This is the result of better commercial strategies regarding the purchase of grains in the sale of products, hedge strategies and increase efficiency in the formulation of feed [ph] and a better conversion ratio. In addition to the impact of the cycle, [indiscernible] also negatively impacted our results. We had an impact of R$112 million in the third quarter of 2016, which was well above compared to the $50 million figure in the third quarter of 2015. We should gradually revert this impact in our results as volume start to recover and we optimize our production footprint. Given the industry scenario we continue to seek greater internal efficiency, primarily in terms of expenses.

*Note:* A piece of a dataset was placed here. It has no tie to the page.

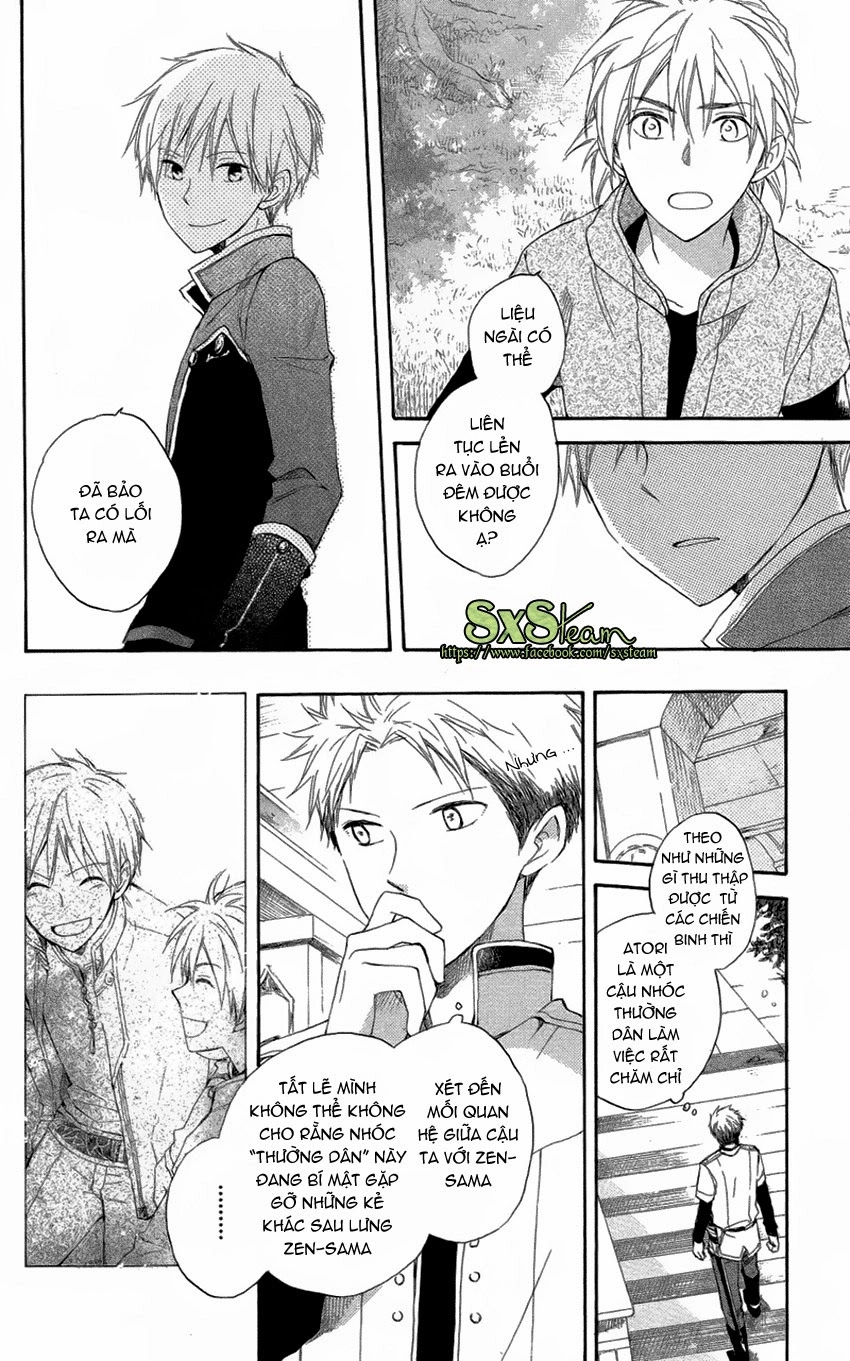 Cô Người Hầu Tóc Đỏ Chapter 18 - 12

If we were to exclude the R$37 million expenses related to the Olympic Games in the quarter, our SG&A as a percentage of revenues would have reached 15.9% the lowest level in recent years. Our EBITDA totaled R$886 million in the quarter with a 10.4% margin. To better understand this number let me go into more details in key markets. In Brazil, results were higher compared to the last quarter, indicating the beginning of a gradual recovery process. Volume started to show signs of improvement and profitability start to increase, despite the negative effects of [indiscernible] and the Olympic Games.

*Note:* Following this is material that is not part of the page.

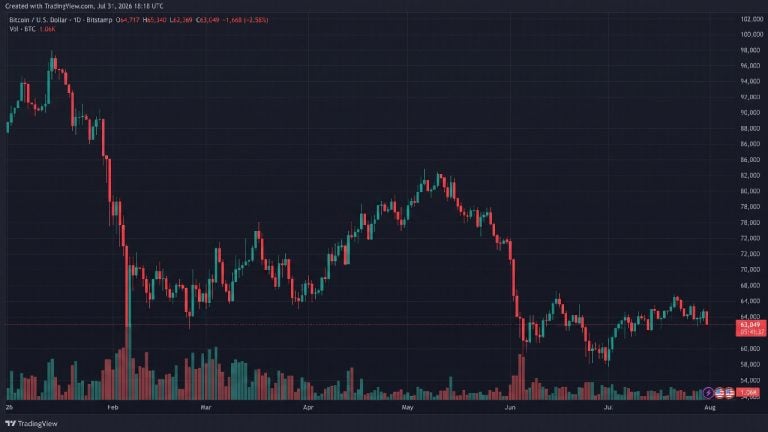 Bitcoin Chart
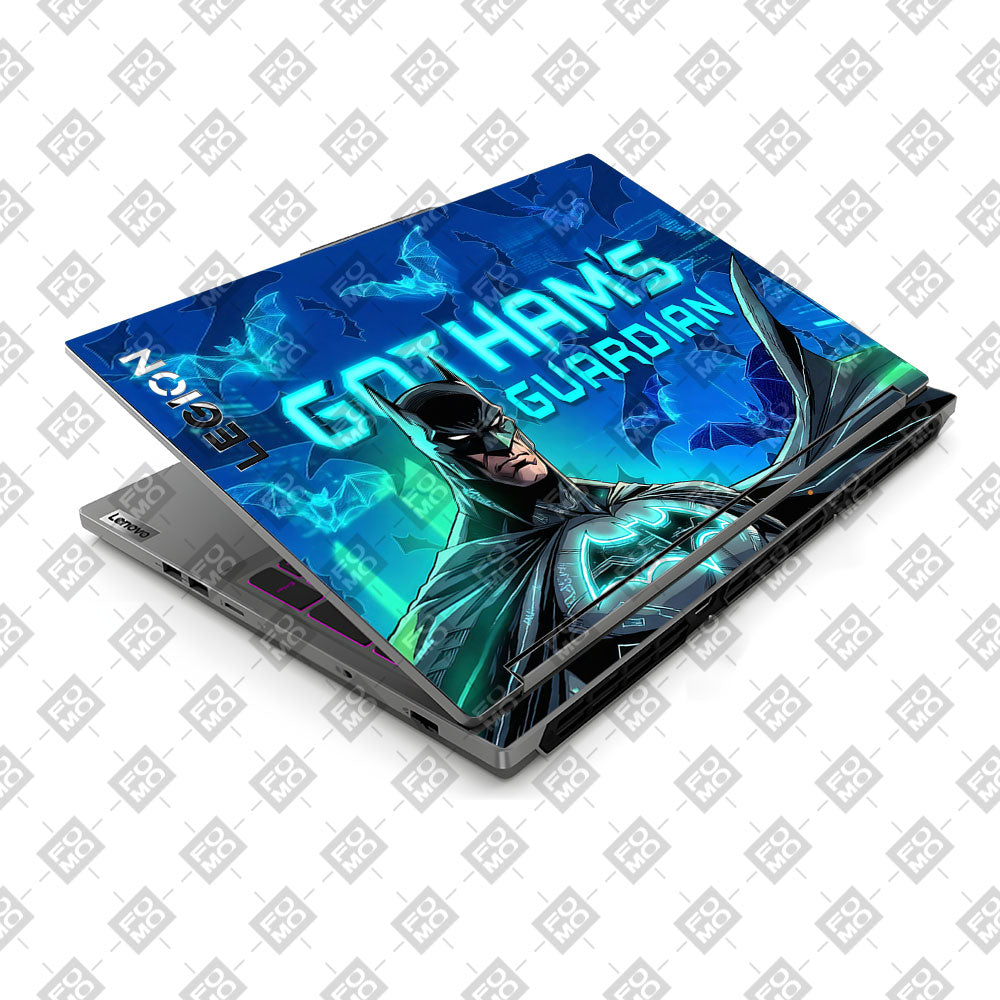 Gotham's Guardian Batman Lenovo Legion 5 16IRX9 Laptop Skin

The price increases implemented in September should primarily effect the fourth quarter together with the seasonal improvements from festivity products. We look at 2017 with optimism and expect a gradual improvement in the Brazilian economy together with a reduction in cost and a better execution in service level. All of that together with our innovation program should ignite growth in Brazil. In the Middle East, volume decreased in the quarterly comparison basically affected by seasonality of the summer and vacation periods, which coincides with the post-Ramadan [ph] period this year. All of this resulted in a lower local consumption.
Moreover, markets such as Saudi Arabia have been important, a smaller volumes in the past month which are higher local inventories, which post an additional challenge in terms of volumes and prices. The first month of operation of recently integrated business showed higher operational expenses than initially expected. However, we expect a different dynamic in the fourth quarter with consumption returning to normal levels and better results coming from cost to serve. The great results challenge that we face in the quarter was Europe where the impact of exchange rate was even stronger given the depreciation of 15.2% of the pound against the real in a quarterly comparison. The local competition dynamics did not allow us to further increase prices.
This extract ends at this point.